Like thatch and the monsoon, shifting cultivation was not adequately understood and was written about in negative ways, particularly in the Kanara and Malabar regions, where it was traditionally called kumri and punam, respectively. Colonizers paid little attention to these communities as they saw them as vagrants: a nuisance. They recorded the practice of shifting cultivation as being wasteful. They recorded the timber that they valued being burnt (Brandis 1897; Cleghorn 1861), cultivation as being under-productive (Buchanan 1807), and the communities as being ‘heathen’ and devil-worshippers (Burnell 1894). However, the communities cut trees and set fire to a small patch of land to fertilize the soil to grow millets and access other edibles for their subsistence from the forests and other lands. Once the season was over, they would leave the site to regenerate itself by moving to another location and would only return a decade later, if at all.
In 1865, India’s first Forest Act was passed to initiate the settlement of forests, and to ban shifting cultivation.
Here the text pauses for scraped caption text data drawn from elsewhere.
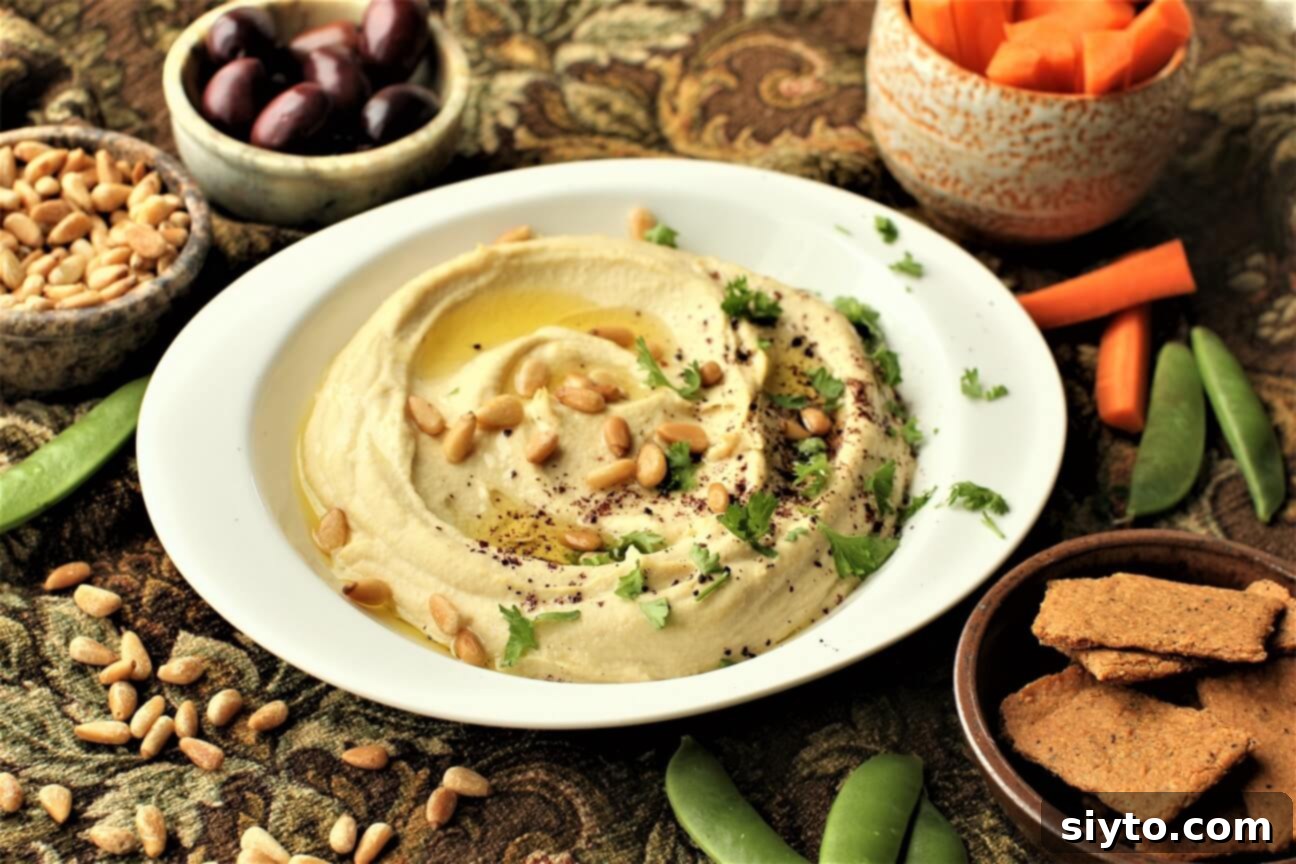 A beautifully presented bowl of creamy homemade hummus, elegantly garnished for a party with olive oil, a dusting of sumac, toasted pine nuts, and fresh parsley sprigs.
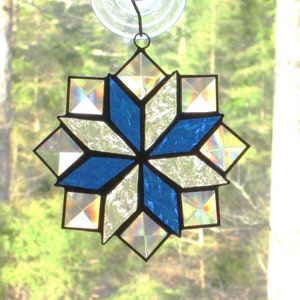 Stained Glass Quilt Suncatcher in the 8 Point Star Quilt Pattern with Clear and Medium Blue Textured Glass, and Clear Bevels
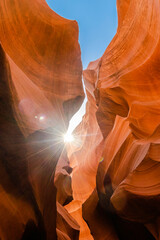 Abstract sandstone underground canyon cave with strong light and orange, red and purple color.
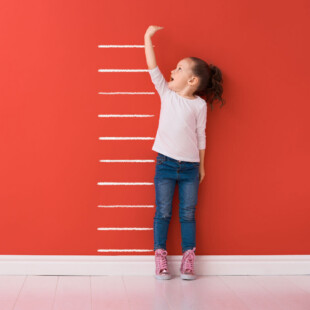 A child standing next to measuring lines on a wall.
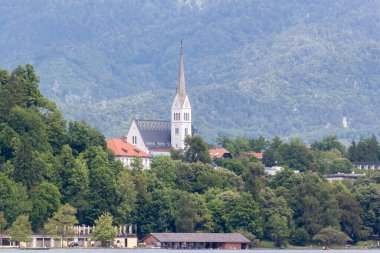 Bled Gölü 'nün sakin suları boyunca manzaralı bir manzara, yemyeşil tepelerin eteklerindeki büyüleyici Bled kasabasını gözler önüne seriyor. Belirgin bir şekilde St. Martin Kilisesi 'nin çan kulesi sergilenmektedir.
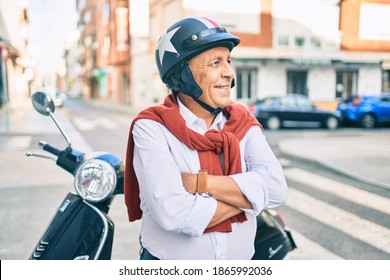 Senior Motorcyclist Man Smiling Happy Wearing Moto Helmet At The City.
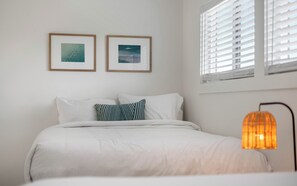 A bedroom with a bed, two framed pictures on the wall, and a window with blinds. - Salt Haus 30A: Pet Friendly Gulf View Loft (Santa Rosa Beach)
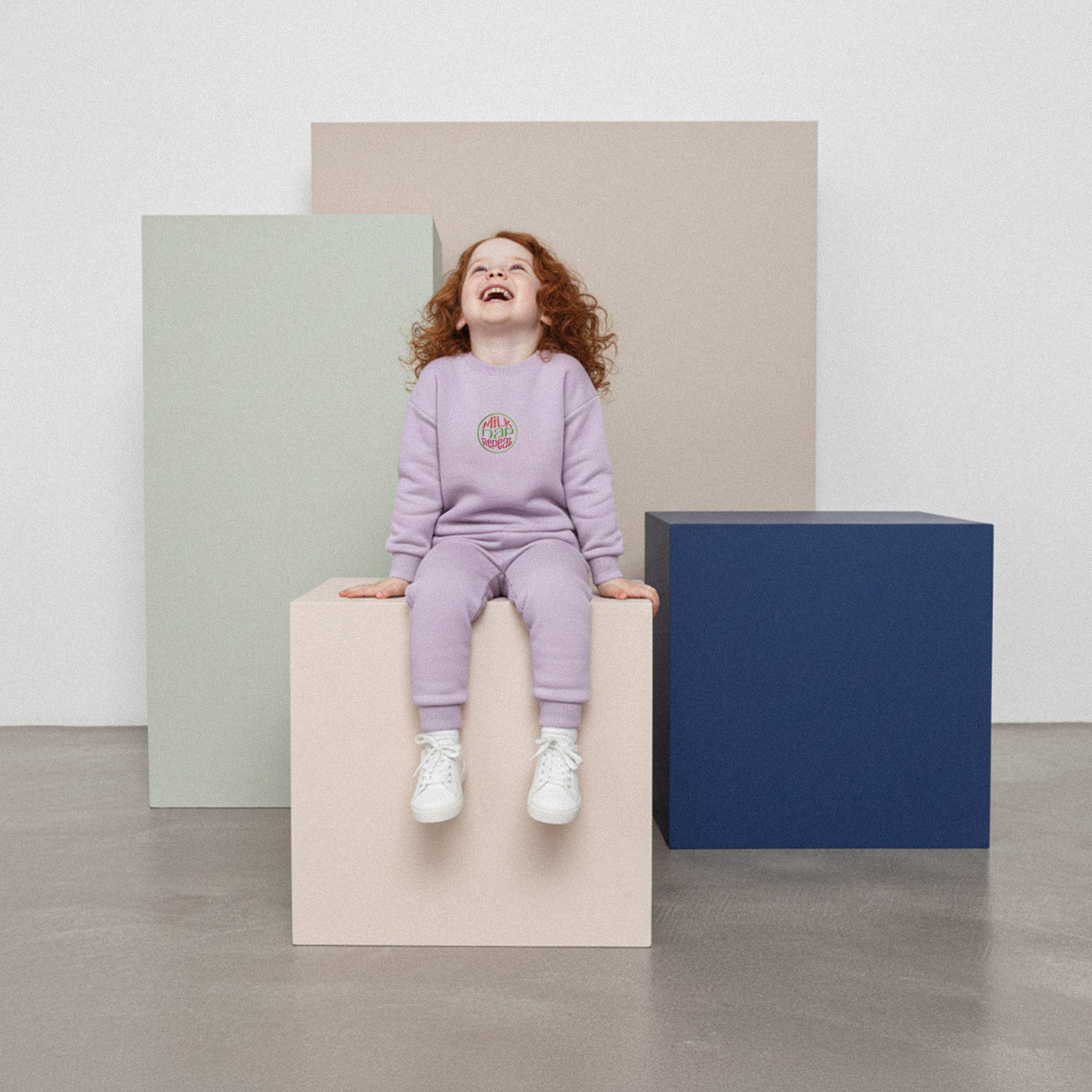 Kızıl saçlı, lila renkli 'Milk Nap Repeat' eşofman takımı giyen kız çocuk, bir küpün üzerinde otururken neşeyle kahkaha atıyor.
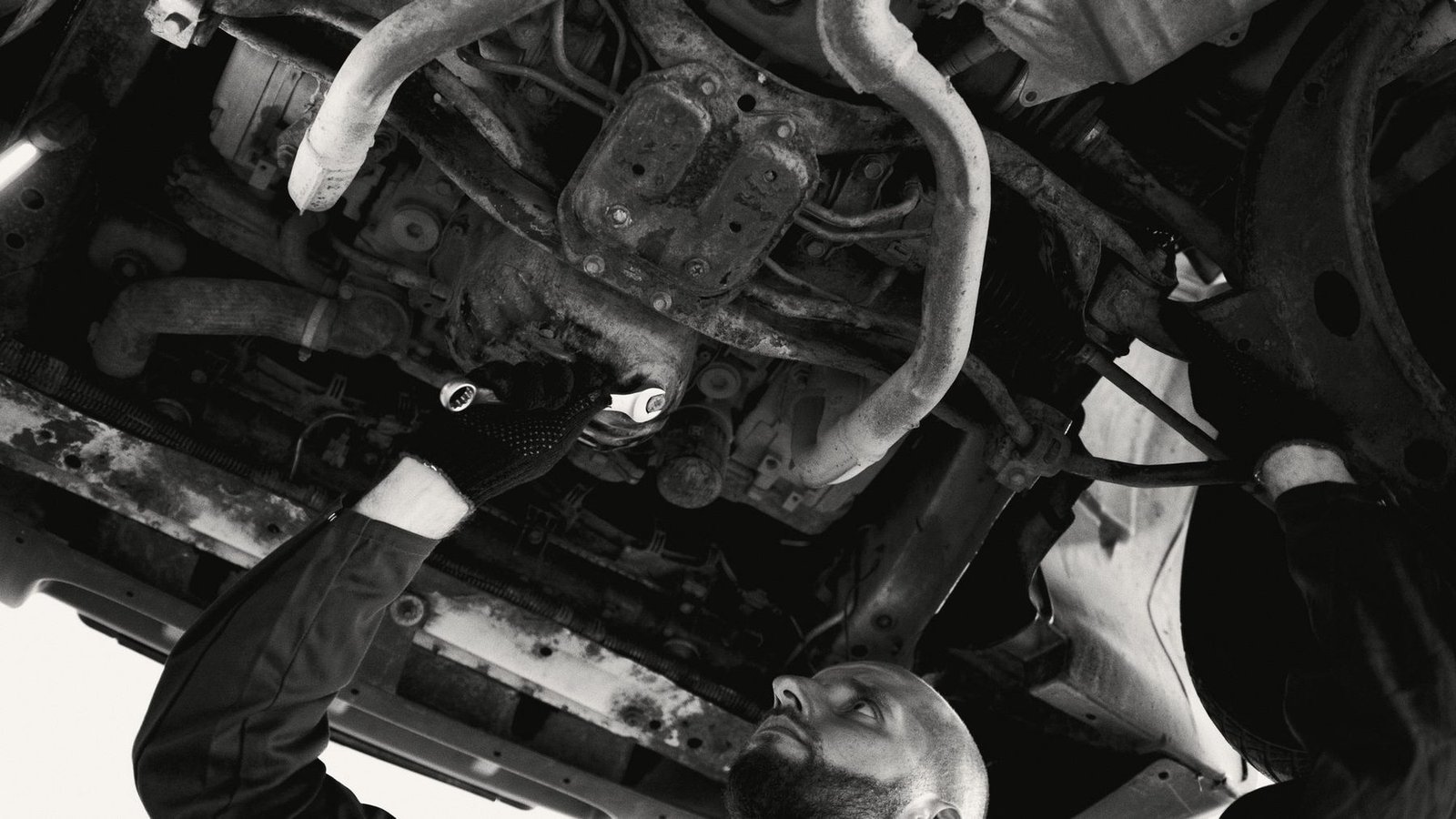 Black and white view of a car's underside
Subsequently, in the Indian Forest Act of 1878, a number of other practices were also banned including setting fire to grassy areas, accessing firewood and edibles from the forest, grazing, hunting, and building homes. Colonial records show that when the forest surveyors arrived in the late 1880s to settle the forest and assign rights, since kumri was already banned in 1865, the communities could not claim these lands (Chandran 2019). The only things left to claim by the locals were the valleys, with thota (gardens) and gadde/vayal (rice fields) that were taxed based on productivity. The kan (sacred grove) and kadu (forest) were annexed to government forests (reserved and protected) (Chandran, Rao, Gururaja, and Ramachandra 2010), betta (hill) lands were assigned only to collect leaf litter for manure (Buchy 1995), and bena/hakkal (savannah grasslands) were referred to as “wastelands”.
Banning kumri cultivation enabled foresters to survey, assign rights, and claim rights to any unclaimed lands (Ribbentrop 1900). Historically, the treed areas were designated either as Reserved Forest or Protected Forest (Brandis 1875) while areas that seemed to be uncultivated or abandoned were seen as unproductive and uninhabited and marked as wastelands (Waste Lands Act 1863). These were then designated either to the Revenue Department or Forest Department. Along with banning local practices, the land typologies were either erased or transformed, primarily transferred to one of two categories—forest land or revenue land. Due to the lack of understanding the complexity of the local inhabitant and monsoon, these mobile communities were slowly forced to stop moving, or were left out of the new system. This was the hardening of a nature-culture divide in the Ghats.
Wetness, Depth, and Movement - Traversing the Terrain
From the colonial engagement in the Ghats, two major concepts emerge as being marginalized: shifting cultivation which was banned through settlement and forest laws, and a gradient of wetness, removed from people’s everyday lives through the design of the tile and the idea of surface separating wet from dry. Both were marginalized through viewing the landscape of the Ghats from a distance and seeing it in a state of deterioration. In order to reveal a different ontology, it is important to consider movement (rather than settlement) and depth (rather than wet-dry).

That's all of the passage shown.